_TASK DESCRIPTION_. Each record should appear again in the response exactly as it does in the original.

_THE RECORDS_.
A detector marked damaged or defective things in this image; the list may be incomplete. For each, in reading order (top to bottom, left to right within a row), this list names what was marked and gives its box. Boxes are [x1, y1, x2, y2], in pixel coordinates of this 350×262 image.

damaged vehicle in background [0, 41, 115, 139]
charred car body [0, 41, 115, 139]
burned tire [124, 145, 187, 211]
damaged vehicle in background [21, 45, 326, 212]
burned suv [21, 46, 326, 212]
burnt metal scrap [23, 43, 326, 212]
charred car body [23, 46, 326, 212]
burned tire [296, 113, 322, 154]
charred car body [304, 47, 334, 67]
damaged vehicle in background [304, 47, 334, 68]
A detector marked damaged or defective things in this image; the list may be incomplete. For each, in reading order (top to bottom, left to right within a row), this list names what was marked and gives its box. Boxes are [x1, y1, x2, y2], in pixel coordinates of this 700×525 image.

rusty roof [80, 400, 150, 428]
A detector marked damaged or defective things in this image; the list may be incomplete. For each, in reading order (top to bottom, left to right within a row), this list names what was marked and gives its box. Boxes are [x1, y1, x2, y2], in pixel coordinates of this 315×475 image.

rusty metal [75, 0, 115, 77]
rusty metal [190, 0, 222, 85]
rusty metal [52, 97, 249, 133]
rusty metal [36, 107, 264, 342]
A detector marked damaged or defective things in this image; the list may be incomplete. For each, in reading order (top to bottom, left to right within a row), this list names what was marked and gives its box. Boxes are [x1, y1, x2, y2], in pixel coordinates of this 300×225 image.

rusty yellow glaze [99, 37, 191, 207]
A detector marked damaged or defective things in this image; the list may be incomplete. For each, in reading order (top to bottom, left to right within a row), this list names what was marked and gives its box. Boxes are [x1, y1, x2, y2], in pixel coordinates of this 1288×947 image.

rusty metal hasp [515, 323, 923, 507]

_TASK SOLUTION_.
A detector marked damaged or defective things in this image; the list may be incomplete. For each, in reading order (top to bottom, left to right within a row), this list names what was marked and gives its box. Boxes are [x1, y1, x2, y2], in pixel coordinates of this 350×262 image.

damaged vehicle in background [0, 41, 115, 139]
charred car body [0, 41, 115, 139]
burned tire [124, 145, 187, 211]
damaged vehicle in background [21, 45, 326, 212]
burned suv [21, 46, 326, 212]
burnt metal scrap [23, 43, 326, 212]
charred car body [23, 46, 326, 212]
burned tire [296, 113, 322, 154]
charred car body [304, 47, 334, 67]
damaged vehicle in background [304, 47, 334, 68]
A detector marked damaged or defective things in this image; the list may be incomplete. For each, in reading order (top to bottom, left to right within a row), this list names what was marked and gives its box. Boxes are [x1, y1, x2, y2], in pixel coordinates of this 700×525 image.

rusty roof [80, 400, 150, 428]
A detector marked damaged or defective things in this image; the list may be incomplete. For each, in reading order (top to bottom, left to right within a row), this list names what was marked and gives its box. Boxes are [x1, y1, x2, y2], in pixel coordinates of this 315×475 image.

rusty metal [75, 0, 115, 77]
rusty metal [190, 0, 222, 85]
rusty metal [52, 97, 249, 133]
rusty metal [36, 107, 264, 342]
A detector marked damaged or defective things in this image; the list may be incomplete. For each, in reading order (top to bottom, left to right within a row), this list names what was marked and gives its box. Boxes are [x1, y1, x2, y2], in pixel coordinates of this 300×225 image.

rusty yellow glaze [99, 37, 191, 207]
A detector marked damaged or defective things in this image; the list may be incomplete. For each, in reading order (top to bottom, left to right within a row), this list names what was marked and gives its box. Boxes are [x1, y1, x2, y2], in pixel coordinates of this 1288×947 image.

rusty metal hasp [515, 323, 923, 507]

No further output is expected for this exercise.